Coordinates vs. scales

1. Coordinates vs. scales

In the next set of exercises, I want to look at how to use the coordinate layer to perform transformations, and how that differs from using the scale functions.

2. Plot the raw data

For these examples, I'm going to use the body weight variable from the msleep data set. I made more adjustments than what's shown here, but this is the basic code to get this univariate plot. We can see that this variable has a strong positive skew. In the first course, we saw how we can use the scale functions to modify things like the x-axis limits and breaks. Let's consider three ways in which we can transform our data. A common transformation for positively skewed data is a natural, base e, logarithm, or the more intuitive common, base 10, logarithm.

3. Transform the raw data

We can transform the data before we begin plotting, and update the actual data frame, or we can transform the variable on-the-fly when we specify it in the aes function, as shown here. The result is the same. So far, so good! Notice that the axis labels are the log-transformed values, where zero is the log 10 of 1 kilograms, and 4 is the log 10 of 10000 kilograms. This is a very common solution, but it is a bit misleading in that the transformed scale is linear and we have to do some mental arithmetic to get back to the original values. So we've lost a bit of precision here.

4. Add logtick annotation

We could add log annotation tick marks using the annotation_logticks function. This highlights that the data is a log transformation. However, another solution is to have the data on a log scale, and label it with the actual original body weight value. We can do this in two ways.

5. Use scale_*_log10()

The first method uses the scale_x_log10 function. This transformed the data and then calculates any statistics needed.

6. Compare direct transform and scale_*_log10() output

The plots are almost identical, but pay attention to the axis labeling in the second plot using the scale_x_log10 function. The labels correspond to the actual value in the data set. This is the default output, we saw how to clean up axis labels in the first course.

7. Use coord_trans()

As you could imagine, we also have a function in the coordinate layer: coord_trans, which is actually more flexible in that we can apply any transformation we'd like.
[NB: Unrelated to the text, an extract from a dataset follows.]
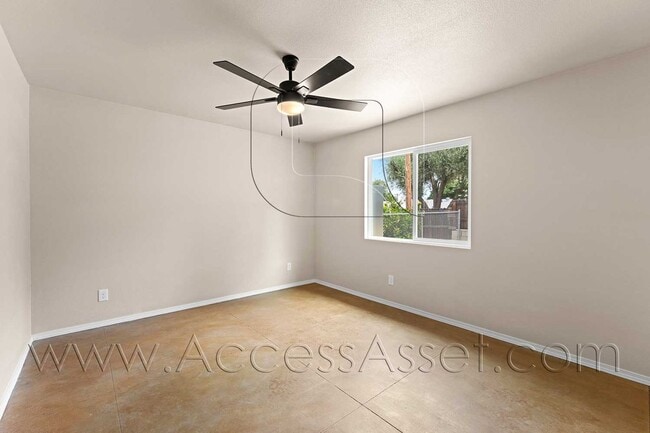 Building Photo - New Build Home with Solar in Lake Elsinore!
8. Compare scale_*_log10() and coord_trans() output

Using coord_trans and setting the x argument to "log10" results in the same plot as with the scale function. The default labels happen to be different, but the plot is the same.

9. Adjusting labels

As a final step, we can add the actual values of the data on the axis. This is a really nice way to show the transformed values in relation to the original value on the axis labels. This may give you the impression that scale and coord functions work in the same way, but just like zooming, there are some fundamental differences under the hood when applying transformations. We'll take a look at those in the exercises.

10. Time for exercises

Alright, now that you know how to use the scale and coord functions to apply transformations, let's look at bivariate plots and see how these functions affect our statistics.